Napa Valley restaurants are finding it increasingly difficult to hire and retain qualified personnel. The causes are partly driven by the high cost of living but also appear linked to broader trends: lack of affordable housing, higher-paying alternative careers (e.g., construction) and slowing local population growth. These trends are exacerbated when coupled with the increasing number of Napa Valley tourists, resorts, restaurants and wineries.
“Everyone is dealing with staffing issues — it’s unsustainable,” said Richard Reddington, whose popular Yountville Redd restaurant closed in October.
These local challenges appear to be part of a broader national phenomenon. In 2017 the National Restaurant Association reported that nearly 40 percent of its members listed labor recruitment as their top challenge, which was up from only 15 percent in 2015.
However, the impact is perhaps hitting independent Napa Valley restaurants the hardest: So far in 2018 five well-liked eateries have closed with each of their owners pointing, at least in part, to the difficulties of finding and retaining qualified staff.
Beyond the closings, new restaurant openings have been delayed, and some eateries are scrapping or have modified their business models toward less-labor-intensive alternatives, while some of the valley’s finest expert culinarians have packed their bags.

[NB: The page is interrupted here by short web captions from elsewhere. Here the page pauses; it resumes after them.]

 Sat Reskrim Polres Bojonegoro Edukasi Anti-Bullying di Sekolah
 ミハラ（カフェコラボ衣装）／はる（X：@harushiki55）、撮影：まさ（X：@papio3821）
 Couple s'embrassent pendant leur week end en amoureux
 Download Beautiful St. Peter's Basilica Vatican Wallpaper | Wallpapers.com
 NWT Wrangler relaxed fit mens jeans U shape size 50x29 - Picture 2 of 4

The California Department of Alcoholic Beverage Control (ABC) reports that Napa County had 62 Type 47 restaurant permits in 2008. In 2018 there are 82 such permits, a 32 percent increase. However, these are not the only permits that allow the sale of food, and so according to the Visit Napa Valley website, there are actually now 188 places to dine in the valley.
Since 2010, wineries can serve food to pair with their wine offerings. There were 557 Type 02 winery licenses in Napa County in 2008, according to the ABC, and a total of 1,616 such licenses in 2018 (a 190 percent increase). Some wineries have multiple 02 licenses — one for their winery and others for their tasting room(s). There are also hundreds of “caterer” licenses currently issued in Napa County.

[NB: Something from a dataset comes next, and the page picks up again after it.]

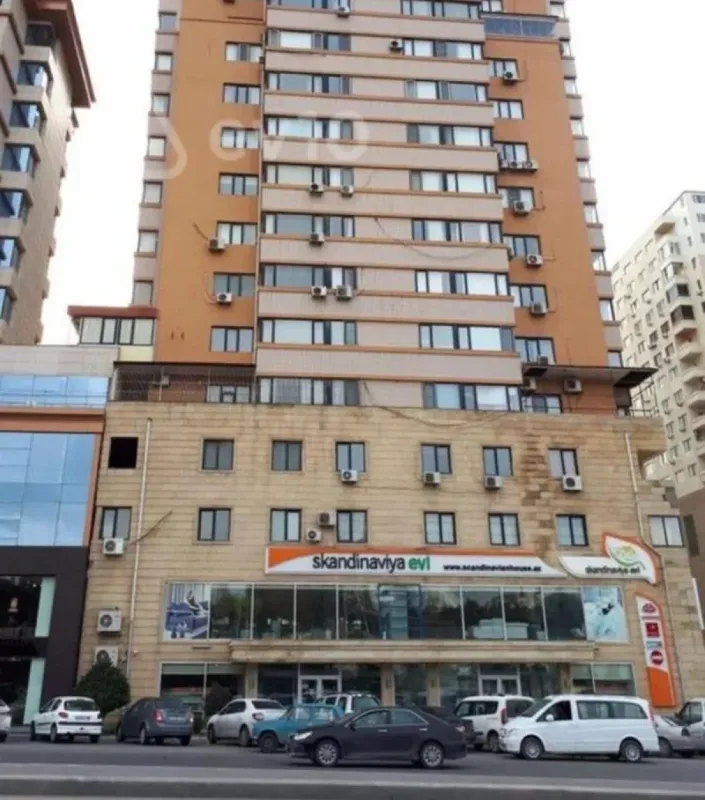 Kirayə verilir 3 otaqlı yeni tikili 150 m²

According to a recent City of Napa Economic Development Division report, in 2017 there were 2,365 total hotel/resort rooms already existing in the city of Napa and the surrounding area. The report says lodging applications in process or in the conceptual design phase will increase that number to 4,783 (a 102 percent expected increase). Most of these hotels and resorts are also building new restaurants to serve their guests.
House prices are out of reach: according to Zillow, the median sold-price of a single-family home in Napa County in 2011 was $361,000 but in 2018 reached $706,000, a 95.5 percent increase. Compare that to the median sold-price of a single-family home in the United States in 2011, which was $152,000 and today is $235,000 — only a 54 percent increase.
The Napa Valley had about 2.9 million visitors in 2012, according to a Destination Analysis report, but that number grew to 3.5 million visitors in 2016, according to Visit Napa Valley data — a growth of more than 20 percent in four short years.
California census data reports the population of Napa County fell from 141,784 on Jan. 1, 2017, to 141,294 on Jan 1. 2018 — a 0.3 percent decrease.
What these numbers point to is a staggering increasing need for restaurant laborers while at the same time there is a stagnant or even shrinking pool of local talent.
Turnover in the restaurant business is nothing new, but here it’s different. According to the Bureau of Labor Statistics, in 2016 the annual national turnover rate within the restaurant and accommodations sector was 72.9 percent, compared to 46.1 percent in the total U.S. private sector. However, Eater reported that a local study suggested that in 2017 Bay Area turnover for cooks was as high as 120 percent per year.
“Finding and keeping staff in the Napa Valley is at crisis levels,” said Tamer Hamawi, co-owner of Napa’s newly opened Gran Electrica. “We’ve given up placing ads because there is no point — it costs money and we don’t get any responses. Whereas in New York I get hundreds of applicants for a job opening, here I am lucky to get one or two.”
And even when applicants do come they might not stay long.
“Although we have been blessed with our staff staying, when we do need people it is very hard to find driven people,” said Bettina Rouas, owner of Napa’s Angèle Restaurant. “The people that do come in know that they are in high demand so they don’t try as hard to impress us. We have had multiple people come in, work a couple of days and then disappear.”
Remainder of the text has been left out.